Personal information
- Full name: Derek McVey
- Born: 20 July 1968 (age 57) Newcastle, New South Wales, Australia

Playing information
- Position: Second-row, Prop
Club
| Years | Team | Pld | T | G | FG | P |
| 1990 | Gold Coast | 1 | 1 | 0 | 0 | 4 |
| 1992–95 | Balmain | 51 | 10 | 0 | 0 | 40 |
| 1996–97 | St. Helens | 30 | 7 | 1 | 0 | 30 |
|  | Total | 82 | 18 | 1 | 0 | 74 |

Coaching information
Club
| Years | Team | Gms | W | D | L | W% |
| 2019–24 | Southwest Florida Copperheads |  |  |  |  |  |
| 2024– | Washington DC Cavalry |  |  |  |  |  |
|  | Total | 0 | 0 | 0 | 0 |  |
- Source: As of 5 November 2024

= Derek McVey =

Former Australian rugby league footballer

Derek McVey (born 20 July 1968) is an Australian former professional rugby league footballer who played in the 1990s.

==Background==
McVey was born in Newcastle, New South Wales, Australia.

==Playing career==
McVey made his debut for the Gold Coast in Round 18 against Illawarra with McVey scoring a try in a 20–12 defeat. McVey joined Balmain in 1992 making 12 appearances for the club in his first year there. In 1994, McVey played 9 games as Balmain finished last on the table and claimed only their 4th wooden spoon since joining the competition as a foundation team in 1908.

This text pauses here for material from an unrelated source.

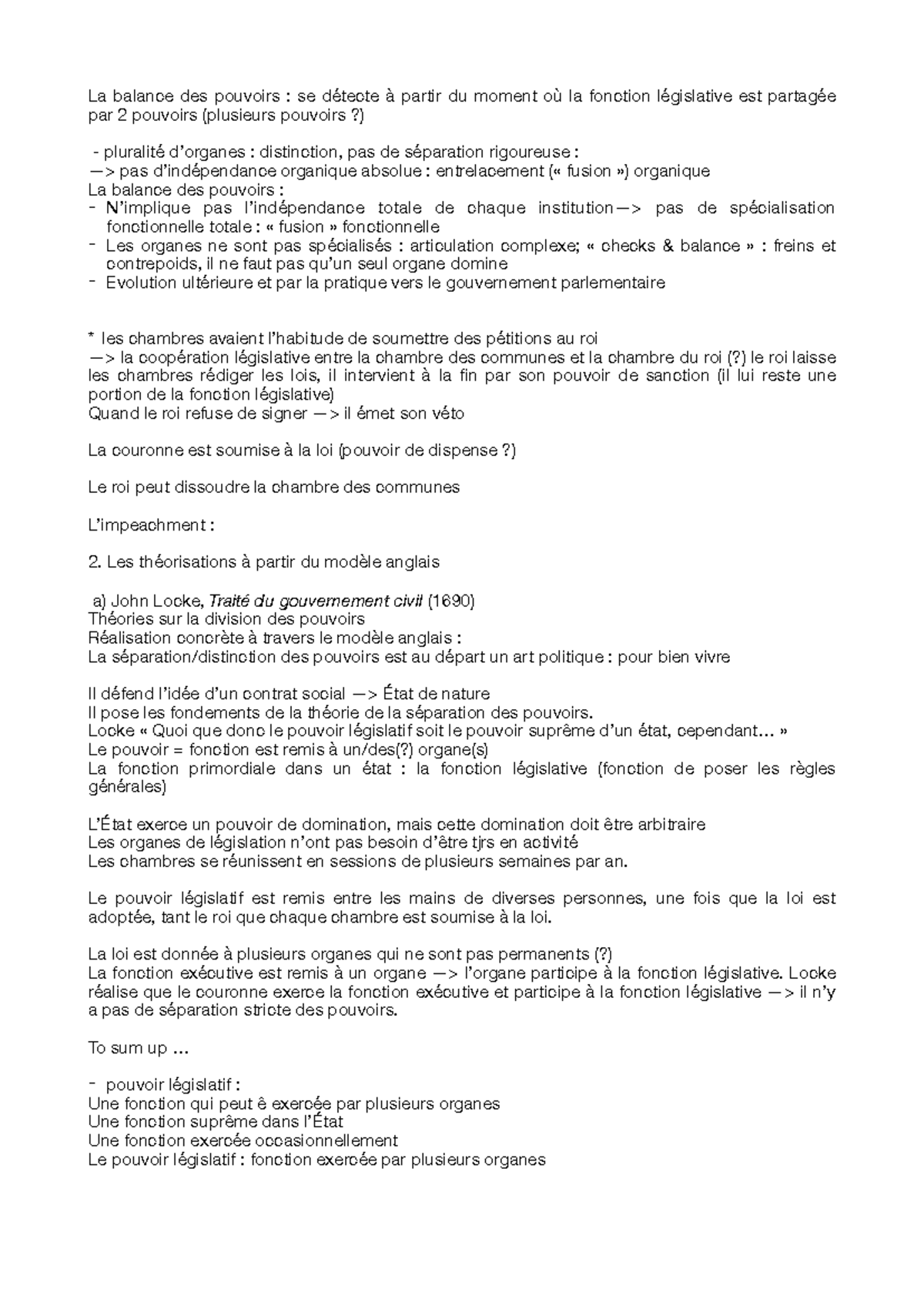 Droit Constitutionnel : Analyse de la Balance des Pouvoirs et Évolution ...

In 1995, Balmain changed their name to the "Sydney Tigers" and moved their home games to Parramatta Stadium at the start of the Super League war. McVey played 20 times for the club in 1995 as they finished 15th on the table.

Mcvey then signed with English side St Helens and played as forward collecting three trophies in the Super League for The Saints.

==Coaching career==
He is the current coach for the Washington DC Cavalry who compete in the USA Rugby League, having previously coached new club Southwest Florida Copperheads.